Marino is astute enough to know politicians, mainly trained in law with precious little real-world experience, simply don't know enough about retirement issues that matter. They need to know more.
Of even greater importance, Marino realizes there are much larger issues than the one everyone is talking about at the moment. These “silent issues” have the potential to do significant damage down the road to our retirement system. Unless we address them through experiential analysis, they’ll grow until they’ll be too big to solve without dramatic sacrifice.
So, are you willing to speak your mind? Are you willing to be honest about the problems that are out there?
Sure, conflicts-of-interest fees can eat into investment returns and should be eliminated, but why are we still focusing in on investments? We know there are more important issues. Here are three to ponder:
#1: Young adult savings discipline. We all know the earlier you save, the better off you’ll be in retirement. Yet we don’t have a mechanism to inculcate a savings attitude within our culture. Perhaps a Child IRA could be used for this. Maybe it’s broader financial literacy efforts in secondary schools.

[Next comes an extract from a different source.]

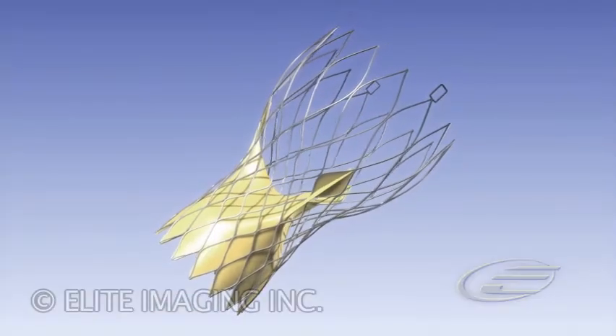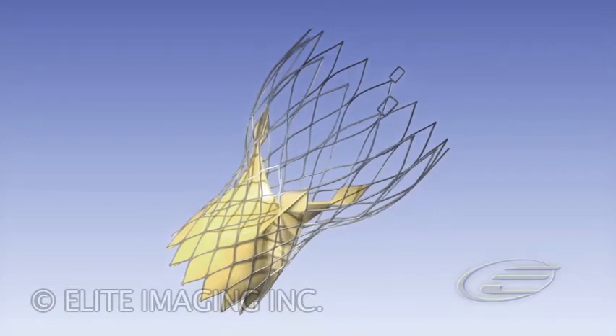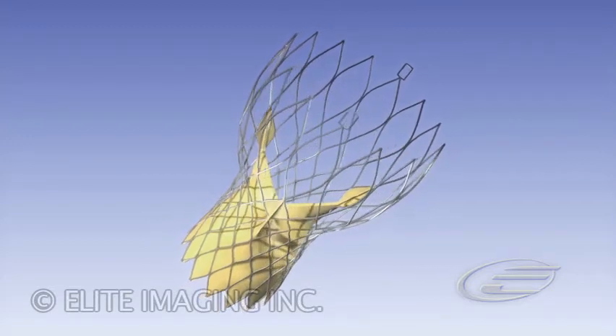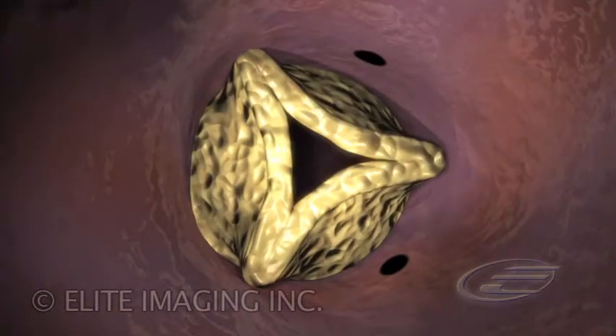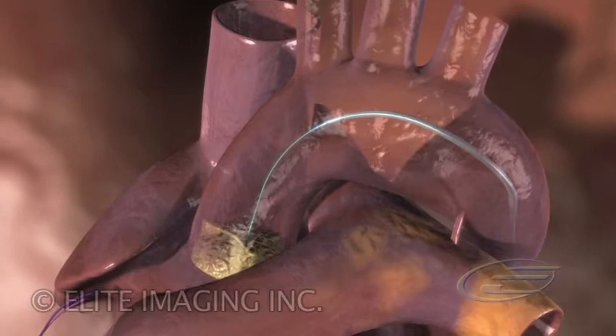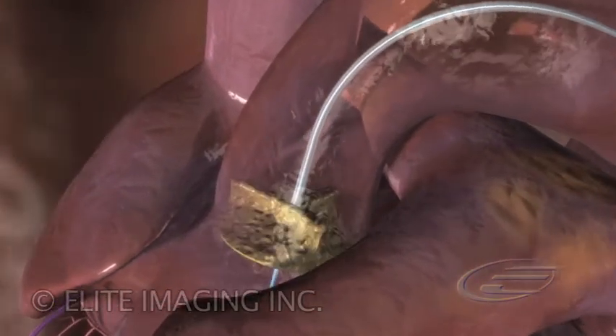The self-expanding nitinol multilevel frame containing a tri-leaflet porcine pericardial tissue prosthesis is specifically designed for retrograde percutaneous implantation via a specialized catheter. Using familiar interventional deployment techniques, this device ensures precise positioning and secure anchoring.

Maybe it’s using popular culture--movies, songs, TV shows, social media--to bring home the salient points. The bottom line is many would not be in the situation they are in if only they had started saving at a younger age.
#2: Longer life expectancies. There’s a new trend brewing out there in retirement land. It’s called “not retiring.” A couple generations ago, folks retired at 60 and died at 62. Today, it’s not unusual to find people leading healthy and active lives well into their late 70s and even their 80s.
Baby boomers who “retire” in their sixties find themselves going back to work not because they need the money, but because they need the action. How does this change our tried-and-true retirement planning algorithms? What kind of impact does this have on public policy?
#3: Turbo-charging retirement savings incentives. If we want people to gain financial independence by the time they retire, we need more, not fewer, “Romney-sized” IRAs. What incentives were in place that created those gigantic personal savings plans and how can we encourage more individuals to build similarly sized retirement accounts for themselves.
Sure, maybe not everyone is in a position to get them, but the more who do, the fewer people who will need to rely on Social Security.
Those are just three potential discussion points. You can probably think of several more.
The broader question is this: Once we’ve identified the critical issues, we need to determine what government’s most appropriate role is in addressing them. Only then can we begin to lay out a true path to meaningful reform.